Biens balisées, les opérations d’investissement en démembrement de propriété constituaient, avant l’entrée en vigueur de l’article 13-5 du CGI, un véritable paradis fiscal. La jurisprudence nous rappelle que la fixation du prix de vente de l’usufruit à son juste niveau, si elle n’était pas une condition pour éviter l’abus de droit, permettait toutefois au contribuable d’éviter d’autres déconvenues.

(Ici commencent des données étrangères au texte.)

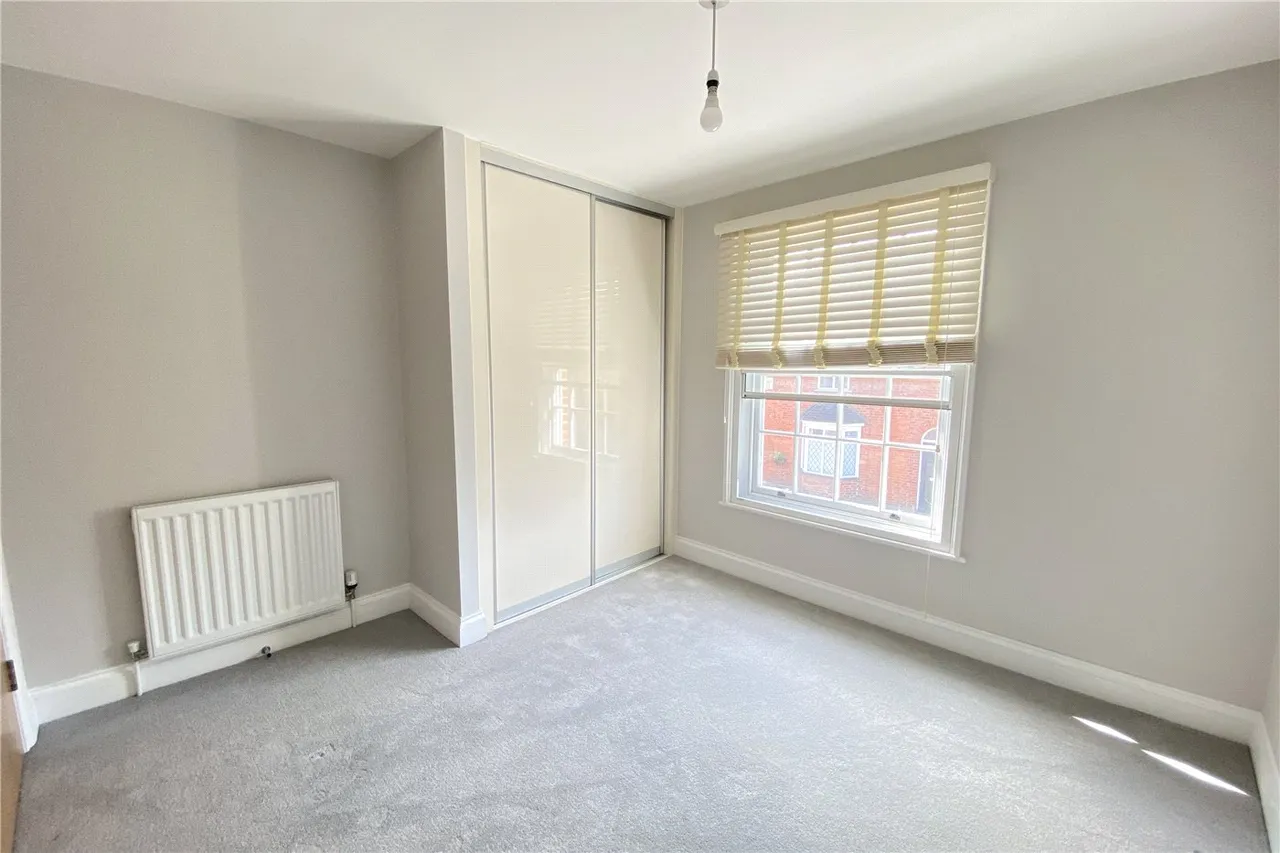 Aylesbury End, Beaconsfield, HP9, photo 9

La Cour Administrative d’Appel de Nantes vient de se prononcer sur le risque d’abus de droit dans un schéma de cession temporaire d’usufruit (31 mai 2018, n° 16NT04182).

 

Les faits de l’espèce étaient classiques : des parents possédaient avec leur fils une société civile immobilière possédant un bâtiment industriel depuis plus de 15 ans. En 2009 (donc avant l’entrée en vigueur de l’article 13-5 du CGI), la société civile a cédé l’usufruit temporaire pour 15 ans de l’immeuble à la société d’exploitation possédé par leur fils, pour un prix fixé par application du barème de l’article 669 du CGI à 46 % de sa valeur en pleine propriété.

 

L’administration a remis en cause le schéma en invoquant l’abus de droit au double motif suivant :

 

  • Fraude à la loi dès lors que l’opération avait abouti à taxer les revenus fonciers attendus sous le régime des plus-values immobilières, ce qui s’est traduit en l’espèce par une exonération totale (exonération qui n’est aujourd’hui acquise qu’après 30 ans de détention), circonstance aggravée par le fait que le prix de vente de l’usufruit était surévalué ;
  • Fictivité dès lors que le prix de cession de l’usufruit étant surévalué, l’opération n’apportait aucune prérogative supplémentaire à l’acquéreur par rapport au bail commercial dont il disposait auparavant.
La Cour lui donne tort sur les deux fondements. Elle considère que l’opération réalisée ne détournait pas les textes applicables – en particulier le texte permettant l’exonération des plus-values immobilières à l’issue d’un certain délai de détention – dès lors que rien de tel ne transparaissait dans les travaux parlementaires ayant abouti à la réforme de l’imposition des plus-values immobilières fin 2003.

 

Elle juge également que l’éventuelle surévaluation du prix de vente de l’usufruit temporaire n’emporte aucune conséquence sur le terrain de l’abus de droit, dès lors que la cession temporaire d’usufruit est bien juridiquement intervenue et qu’elle a emporté des conséquences différentes de la conclusion d’un bail commercial, notamment en ce qui concerne les travaux de grosses réparations qui restent à la charge de l’usufruitier

 

En revanche, faisant partiellement droit aux conclusions du ministre demandant par voie de substitution de base légale que soit constaté un revenu distribué à concurrence du prix ce vente excédant la valeur réelle de l’usufruit cédé, elle rappelle avec force qu’un tel usufruit ne peut pas être évalué par application du barème fiscal de l’article 762 du CGI, qui n’est applicable qu’en matière de droits de mutation (à titre gratuit et onéreux). Que la seule méthode applicable est celle des cash flowsactualisés. Et qu’en application de la jurisprudence Thérond (CE 28 février 2001, n° 199295), dès lors que l’écart avec la valeur réelle dépasse 20 %, le caractère libéral de l’opération peut être présumée compte tenu des liens familiaux unissant les parties.

 

Il convient de retenir de cette décision que, d’une part, le risque de voir ces opérations remises en cause sur le terrain de l’abus de droit est extrêmement limité dès lors, bien entendu, que le démembrement correspond à une opération réelle avec un acquéreur de l’usufruit qui ne soit pas dépourvu de toute substance.
D’autre part, que tout raccourci dans la conception du schéma pour des raisons d’économie peut s’avérer particulièrement contreproductif : si au lieu de rechercher la facilité de l’application du barème de l’article 669 du CGI, les parties avaient fait fixer le prix de vente de l’usufruit par un expert agréé près les tribunaux qui aurait naturellement appliqué la bonne méthode, l’administration fiscale en aurait été pour ses frais. En mégotant sur les frais de conception de l’opération, elles lui ont donné la satisfaction d’une substitution de base légale justifiée.